La mixité des fonctions peut aussi générer des synergies qui soient à la fois énergétiques et sociales. Atelier 9.81, encore une fois, évoque les synergies sociales qui peuvent naître entre une crèche et une résidence pour personnes âgées. Babel + Prado propose d’exploiter la synergie énergétique entre les lieux utilisés le jour (bureaux, commerces) et utilisés la nuit (logements, hôtels).

La question de la ville

Comme l’écrit Alain Sarfati, la ville est l’objet privilégié de l’architecture. Les zones dites périurbaines émergent autour des grandes villes en Suisse et en France depuis les années 1980. Malheureusement, ce mouvement ne va pas sans un accroissement envahissant d’une mobilité individuelle très polluante.

La densification de la ville représente une bonne réponse pour nombre d’architectes et urbanistes qui ont contribué au livre. « Il faut imaginer des villes plus denses pour éviter l’étalement des réseaux de transport », écrivent Lipsky + Rollet.
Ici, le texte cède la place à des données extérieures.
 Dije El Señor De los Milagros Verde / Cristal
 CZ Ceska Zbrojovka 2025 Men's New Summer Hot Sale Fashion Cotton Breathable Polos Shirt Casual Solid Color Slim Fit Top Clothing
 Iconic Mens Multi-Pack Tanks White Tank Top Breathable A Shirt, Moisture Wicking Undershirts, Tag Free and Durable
Se pose alors la question de rendre la densité acceptable. Anne Démians propose de déplacer les zones denses à l’intérieur des villes pour créer des espaces de respiration. Les espaces libérés par les démolitions pourraient accueillir des espaces verts, tandis que d’autres bâtiments seraient surélevés. Arte Charpentier s’intéresse à la question esthétique, en proposant de mettre en scène les « impératifs environnementaux ». Ils donnent les exemples du cheminement de l’eau dans un terrain en pente douce et d’une esplanade composée d’un sol nervuré de rigoles. Ils proposent l’utilisation du végétal pour souligner l’ordonnancement de la ville mais aussi pour briser la continuité minérale et ménager des respirations dans le tissu urbain. Gaëtan Le Penhuel observe que l’impression de densité provient souvent de l’insuffisance de lieux publics, de squares et de jardins.

A la notion de densité, Atelier 2/3/4 préfère la notion d’intensité, qui consiste à intensifier les échanges humains culturels et commerciaux. Pour eux, l’intensité ne dépend pas de la densité, mais « de la manière dont on manie le rapprochement et l’ouverture ». L’intensité est donc « hétérogène ».
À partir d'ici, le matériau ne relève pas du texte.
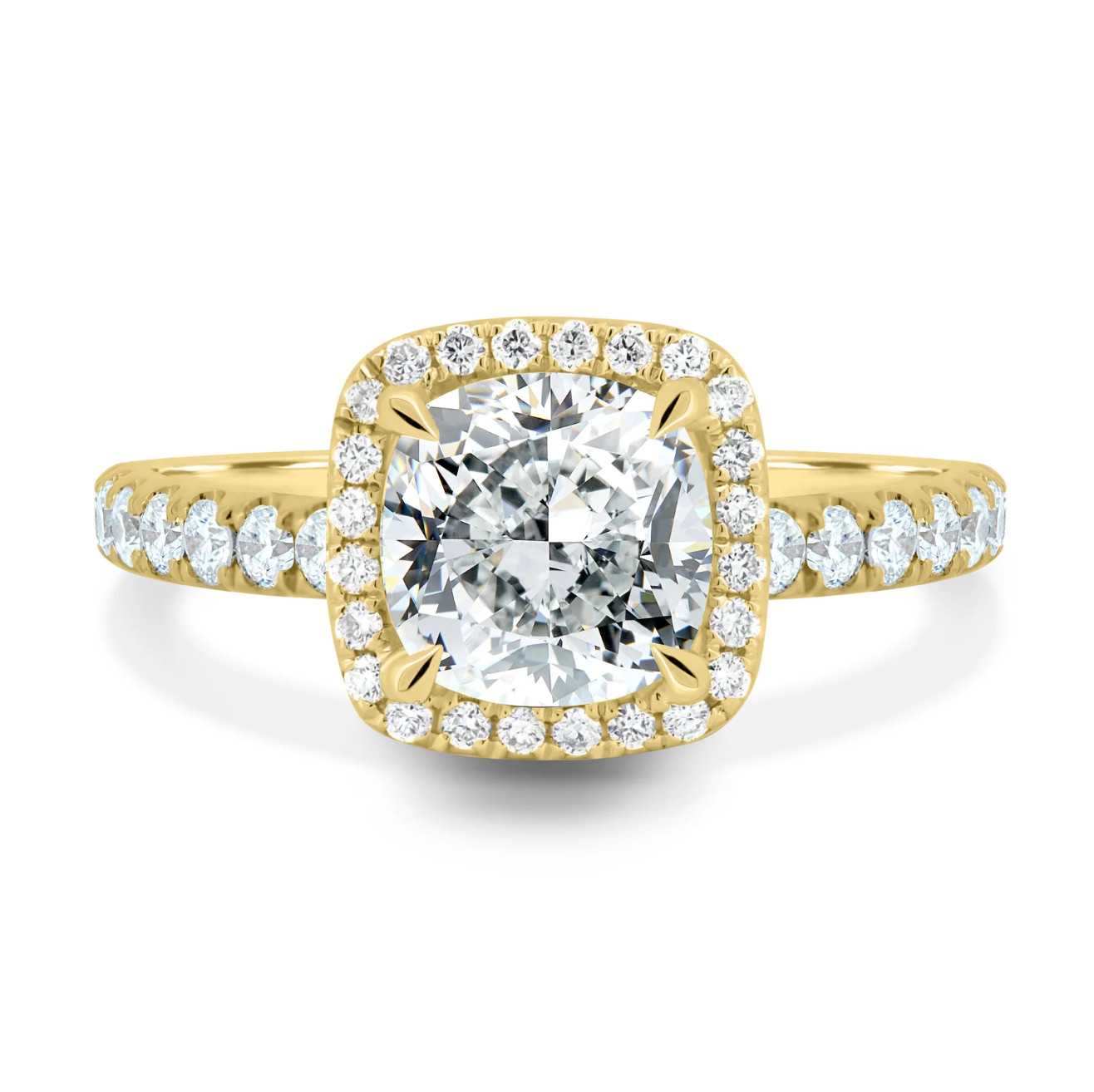 Cushion Halo on a Pavé Band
Enseignements pour un physicien du bâtiment

Les opinions exprimées dans ce livre semblent être de nature à questionner le rôle des physiciens du bâtiment et autres consultants-ingénieurs dans les projets d’architecture. Les ingénieurs ne seraient-ils qu’un mal nécessaire pour permettre aux architectes de composer avec les normes et labels ? Ou bien peuvent-ils apporter une réelle plus-value en développant des approches de conception non-normatives, voire « sans chiffres », qui font la part belle aux matériaux localement disponibles, aux savoir-faire régionaux, aux heuristiques de conception, à une utilisation raisonnée des approches calculatoires ? Poser la question c’est-y répondre.

Référence

Qu’est-ce que le développement durable pour les architectes ? Ouvrage collectif, 225 pages, Archibooks + Sautereau Editeur, 2015.